Which lines in the listing below contain "Mercedes"? Copy each of them.

SUPPLIED MATERIAL ->
***
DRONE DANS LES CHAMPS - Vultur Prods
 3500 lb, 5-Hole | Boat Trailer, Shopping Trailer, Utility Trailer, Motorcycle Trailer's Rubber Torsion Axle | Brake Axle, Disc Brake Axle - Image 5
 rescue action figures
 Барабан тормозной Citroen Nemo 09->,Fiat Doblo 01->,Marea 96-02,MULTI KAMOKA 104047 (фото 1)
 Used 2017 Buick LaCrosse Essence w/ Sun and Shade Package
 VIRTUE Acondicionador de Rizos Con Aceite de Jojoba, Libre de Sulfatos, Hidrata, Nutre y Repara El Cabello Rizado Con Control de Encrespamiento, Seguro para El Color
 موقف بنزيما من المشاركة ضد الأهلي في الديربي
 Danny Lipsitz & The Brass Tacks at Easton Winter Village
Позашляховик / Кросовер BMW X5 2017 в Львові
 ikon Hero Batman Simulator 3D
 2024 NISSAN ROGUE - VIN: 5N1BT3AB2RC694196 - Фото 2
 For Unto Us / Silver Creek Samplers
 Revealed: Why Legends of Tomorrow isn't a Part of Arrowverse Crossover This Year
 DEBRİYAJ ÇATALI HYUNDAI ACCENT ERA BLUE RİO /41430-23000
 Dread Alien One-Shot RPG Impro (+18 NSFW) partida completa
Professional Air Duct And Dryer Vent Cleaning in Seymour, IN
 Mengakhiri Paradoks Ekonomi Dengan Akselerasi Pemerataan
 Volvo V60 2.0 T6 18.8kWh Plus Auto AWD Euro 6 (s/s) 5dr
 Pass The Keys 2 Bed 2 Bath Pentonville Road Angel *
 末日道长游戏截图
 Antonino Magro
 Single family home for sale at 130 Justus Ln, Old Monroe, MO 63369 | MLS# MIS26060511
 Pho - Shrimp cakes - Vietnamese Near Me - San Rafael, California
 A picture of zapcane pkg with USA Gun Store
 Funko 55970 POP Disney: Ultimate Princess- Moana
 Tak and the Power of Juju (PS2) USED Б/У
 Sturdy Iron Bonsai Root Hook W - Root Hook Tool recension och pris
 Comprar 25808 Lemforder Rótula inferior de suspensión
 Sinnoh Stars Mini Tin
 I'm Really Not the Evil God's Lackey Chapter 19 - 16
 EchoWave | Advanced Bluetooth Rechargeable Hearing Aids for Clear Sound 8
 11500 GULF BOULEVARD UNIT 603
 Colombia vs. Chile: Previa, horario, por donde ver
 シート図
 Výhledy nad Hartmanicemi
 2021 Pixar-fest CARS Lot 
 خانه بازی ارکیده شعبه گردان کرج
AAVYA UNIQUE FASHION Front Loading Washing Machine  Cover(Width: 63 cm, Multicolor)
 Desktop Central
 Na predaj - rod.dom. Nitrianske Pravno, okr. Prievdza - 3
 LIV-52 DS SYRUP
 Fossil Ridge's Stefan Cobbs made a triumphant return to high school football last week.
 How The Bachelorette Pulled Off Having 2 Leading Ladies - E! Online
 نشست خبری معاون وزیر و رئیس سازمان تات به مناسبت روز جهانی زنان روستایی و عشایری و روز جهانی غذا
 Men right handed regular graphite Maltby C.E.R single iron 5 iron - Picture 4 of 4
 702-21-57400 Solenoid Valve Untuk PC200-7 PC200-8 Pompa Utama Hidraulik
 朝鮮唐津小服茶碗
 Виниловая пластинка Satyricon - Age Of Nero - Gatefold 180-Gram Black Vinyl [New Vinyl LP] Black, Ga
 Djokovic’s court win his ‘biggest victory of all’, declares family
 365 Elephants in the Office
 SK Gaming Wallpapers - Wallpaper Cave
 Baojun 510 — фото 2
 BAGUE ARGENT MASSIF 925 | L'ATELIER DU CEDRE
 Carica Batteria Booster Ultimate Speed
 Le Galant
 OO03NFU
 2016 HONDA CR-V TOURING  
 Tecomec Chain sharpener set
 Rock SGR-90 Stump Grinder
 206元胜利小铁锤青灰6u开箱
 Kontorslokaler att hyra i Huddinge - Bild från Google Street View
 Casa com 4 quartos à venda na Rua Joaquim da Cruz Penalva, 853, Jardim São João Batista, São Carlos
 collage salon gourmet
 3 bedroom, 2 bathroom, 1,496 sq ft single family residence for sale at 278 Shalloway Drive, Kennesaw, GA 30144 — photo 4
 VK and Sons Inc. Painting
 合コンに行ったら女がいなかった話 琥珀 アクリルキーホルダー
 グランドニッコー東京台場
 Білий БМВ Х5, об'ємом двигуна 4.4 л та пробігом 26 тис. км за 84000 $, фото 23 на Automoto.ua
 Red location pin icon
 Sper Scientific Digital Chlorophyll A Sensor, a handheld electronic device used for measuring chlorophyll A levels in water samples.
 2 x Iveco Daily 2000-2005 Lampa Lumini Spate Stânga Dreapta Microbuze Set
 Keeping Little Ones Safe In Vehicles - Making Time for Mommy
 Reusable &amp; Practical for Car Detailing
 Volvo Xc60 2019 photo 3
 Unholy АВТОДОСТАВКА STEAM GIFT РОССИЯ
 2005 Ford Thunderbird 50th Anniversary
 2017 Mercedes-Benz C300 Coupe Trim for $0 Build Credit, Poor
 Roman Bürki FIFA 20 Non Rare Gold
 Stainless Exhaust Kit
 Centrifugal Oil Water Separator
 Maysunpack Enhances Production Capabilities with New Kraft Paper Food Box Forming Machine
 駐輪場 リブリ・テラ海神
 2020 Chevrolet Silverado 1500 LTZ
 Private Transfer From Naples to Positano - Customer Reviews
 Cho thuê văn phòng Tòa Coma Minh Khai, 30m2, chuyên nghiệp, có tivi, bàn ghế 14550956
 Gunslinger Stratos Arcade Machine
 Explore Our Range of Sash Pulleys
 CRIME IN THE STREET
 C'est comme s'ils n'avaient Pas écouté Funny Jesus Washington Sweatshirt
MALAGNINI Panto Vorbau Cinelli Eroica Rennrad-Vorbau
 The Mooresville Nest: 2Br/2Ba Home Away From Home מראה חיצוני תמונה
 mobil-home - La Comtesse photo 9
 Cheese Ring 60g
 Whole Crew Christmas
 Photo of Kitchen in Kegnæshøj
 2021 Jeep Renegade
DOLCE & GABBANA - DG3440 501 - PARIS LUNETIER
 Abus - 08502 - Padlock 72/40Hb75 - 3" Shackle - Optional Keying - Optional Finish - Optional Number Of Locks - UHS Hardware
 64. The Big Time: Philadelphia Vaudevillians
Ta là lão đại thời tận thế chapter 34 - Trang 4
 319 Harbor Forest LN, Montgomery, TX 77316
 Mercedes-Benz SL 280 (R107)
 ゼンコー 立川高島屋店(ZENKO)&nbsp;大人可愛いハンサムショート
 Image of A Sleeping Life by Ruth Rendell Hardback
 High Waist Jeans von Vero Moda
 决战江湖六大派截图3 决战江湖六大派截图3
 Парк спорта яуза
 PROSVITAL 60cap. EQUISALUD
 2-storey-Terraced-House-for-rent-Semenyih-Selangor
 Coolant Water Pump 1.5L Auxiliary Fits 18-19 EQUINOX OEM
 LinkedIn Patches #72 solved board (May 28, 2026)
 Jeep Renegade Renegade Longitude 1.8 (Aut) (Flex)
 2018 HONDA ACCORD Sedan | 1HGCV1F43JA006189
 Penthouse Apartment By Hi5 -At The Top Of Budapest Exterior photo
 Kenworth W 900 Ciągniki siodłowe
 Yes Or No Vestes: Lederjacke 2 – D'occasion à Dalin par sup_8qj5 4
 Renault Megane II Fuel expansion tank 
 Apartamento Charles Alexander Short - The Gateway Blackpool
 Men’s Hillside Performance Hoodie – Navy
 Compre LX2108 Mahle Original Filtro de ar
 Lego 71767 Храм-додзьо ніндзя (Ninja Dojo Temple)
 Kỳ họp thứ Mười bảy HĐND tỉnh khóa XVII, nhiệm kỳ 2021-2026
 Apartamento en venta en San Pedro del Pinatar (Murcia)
***
TASK SOLUTION ->
 2017 Mercedes-Benz C300 Coupe Trim for $0 Build Credit, Poor
 Mercedes-Benz SL 280 (R107)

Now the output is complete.